Concepts & Limitations
Cloud Datastore
It is strongly recommended that you read the Cloud Datastore API documentation before using this ORM backend. Understanding of the Datastore vs SQL will help avoid unexpected surprises!
The Google Cloud Datastore is not your traditional SQL database, and for that reason the Datastore backend doesn't support all of the functionality of the Django ORM (although it supports the majority). Also, some things don't always work the way you'd expect. As the Datastore is a No-SQL database, anything relying on cross-table queries or aggregates is basically unsupported.
Here are some of the limitations and differences:
- There is no support for savepoints, nested atomic() blocks are effectively a no-op
- No support for select_related(), although prefetch_related() works
- No support for cross-table ordering
- Only up-to 500 entities can be read or written inside an atomic() block
- No support for aggregate queries (yet)
- Queries can only contain a single inequality operation (gt, lt, lte, gte, isnull=False), and the resultset must be ordered by the field you're testing for inequality
The advantage of course is that you can build your Django application for near-infinite scalability of data, and increased uptime.
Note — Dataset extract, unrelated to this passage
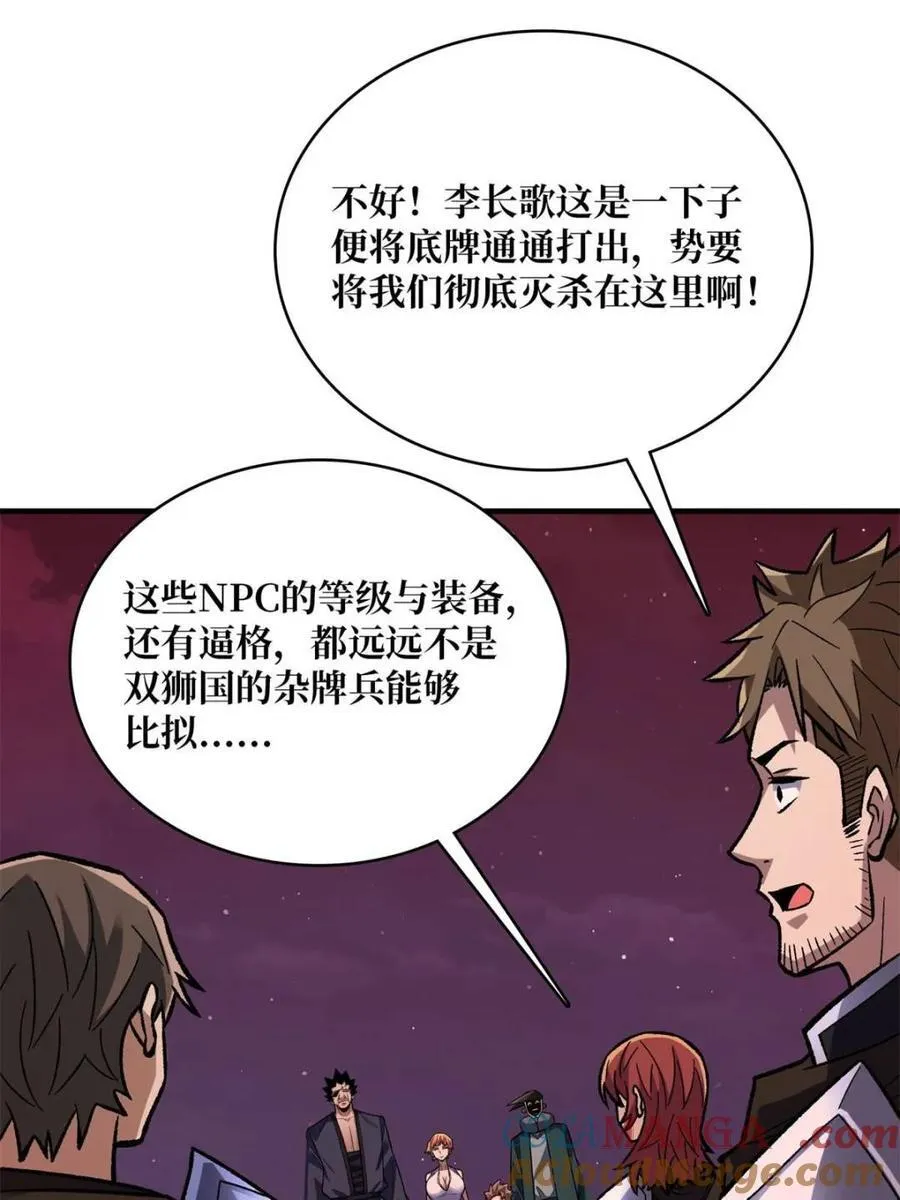 第224话54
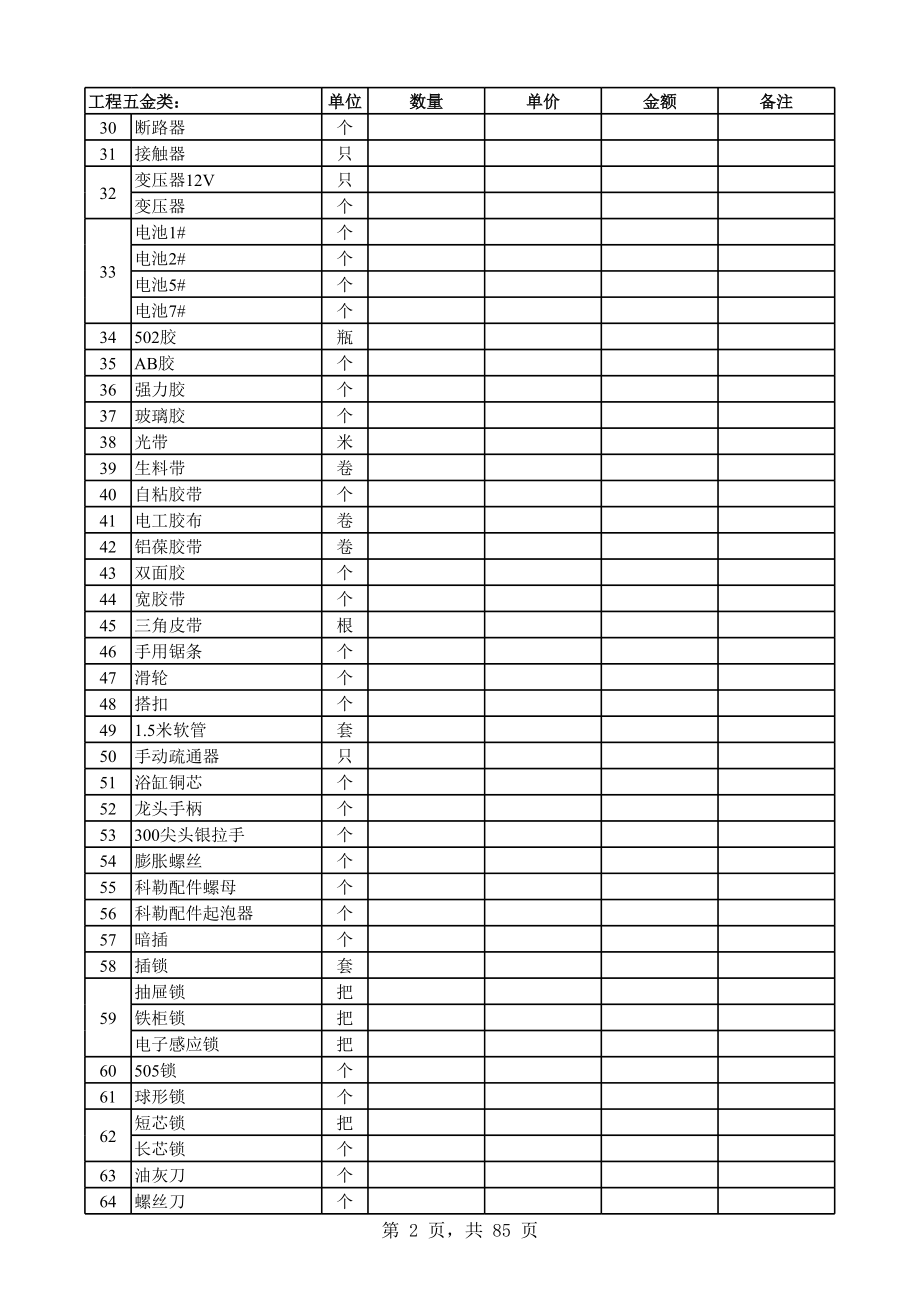 表格模板-11月份仓库盘点表 精品.xls_第2页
Further differences are discussed below.
Foreign Keys
The Cloud Datastore doesn't have the concept of a foreign key constraint,
so relations are not enforced at the database level in the same way that they would be on a classic SQL database,
but the ForeignKey
field is supported and generally works entirely as expected.
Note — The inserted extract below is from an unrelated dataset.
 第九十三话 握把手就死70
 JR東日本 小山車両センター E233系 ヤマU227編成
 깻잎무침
Many-to-many relationships
As the Cloud Datastore can't do JOIN
queries between tables, Django's ManyToManyField
is not supported,
but gcloudc provides RelatedSetField
and RelatedListField
which provide functionality for many-to-many relationships.
See fields.
Migrations
As the Cloud Datastore is schemaless, the concept of migrations doesn't really apply in the same way, as there's no schema to update. So in most cases, where you would normally need to run a migration on a SQL database (e.g. to add a new table or new column), you can generally do without a migration with gcloudc, because the required schema will just be applied to new rows as they are saved.
There are however a few occasions when you might need to apply some form of "migration". gcloudc does not currently provide functionality for applying these changes, but it may do in the future.
Deleting fields
If you delete a field but do not apply a migration to delete the "column" from the database, then as with a SQL database, Django will ignore any columns which are not defined in the model, and so the existing data for this deleted field will remain in the DB. If you want to delete the data from the old column, then you'll need to do this directly on the Datastore.
Example: you've committed crimes against the internet by storing users' plain-text passwords in your database and need to delete them.
class User(models.Model):
name = CharField()
# raw_password = models.CharField(max_length=10)
# You've removed the offending field, but the data is still in the entities in the Datastore.
# Let's fix that...
from google.cloud.datastore.client import Client
client = Client(project="my-cloud-project-id", namespace=None)
query = client.query(User._meta.db_table, namespace=None)
results = query.Run(limit=None)
for entity in results:
del entity["raw_password"]
client.put(entity)
Making new fields queryable
If you add a new field to a model, then so long as you have provided a default
for the field,
you can immediately create/update model instances with this new field without the need to run any sort of migration.
However, if you want to be able to query the existing objects on this new field, then you will first need to re-save the existing objects in order to populate the new value into the rows in the DB. Without doing this, rows in which the new field has not yet been saved will not be returned by the query.
Complex queries
The Cloud Datastore can only perform queries using an index. In other words, it won't do a table scan. As such, it can generally only perform queries which can be done by working its way through a single, ordered index. Therefore some types of queries are not possible, or can only be performed with additional trickery.
Inequalities
Queries which contain multiple inequality filters, e.g. .filter(field_a__gte=x, field_b__gte=y)
are not possible.
Inequalities are any of __gt
, __lt
, __lte
, __gte
, __isnull=False
.
Additionally, if your query contains an inequality then it must be ordered by the field you're testing for inequality.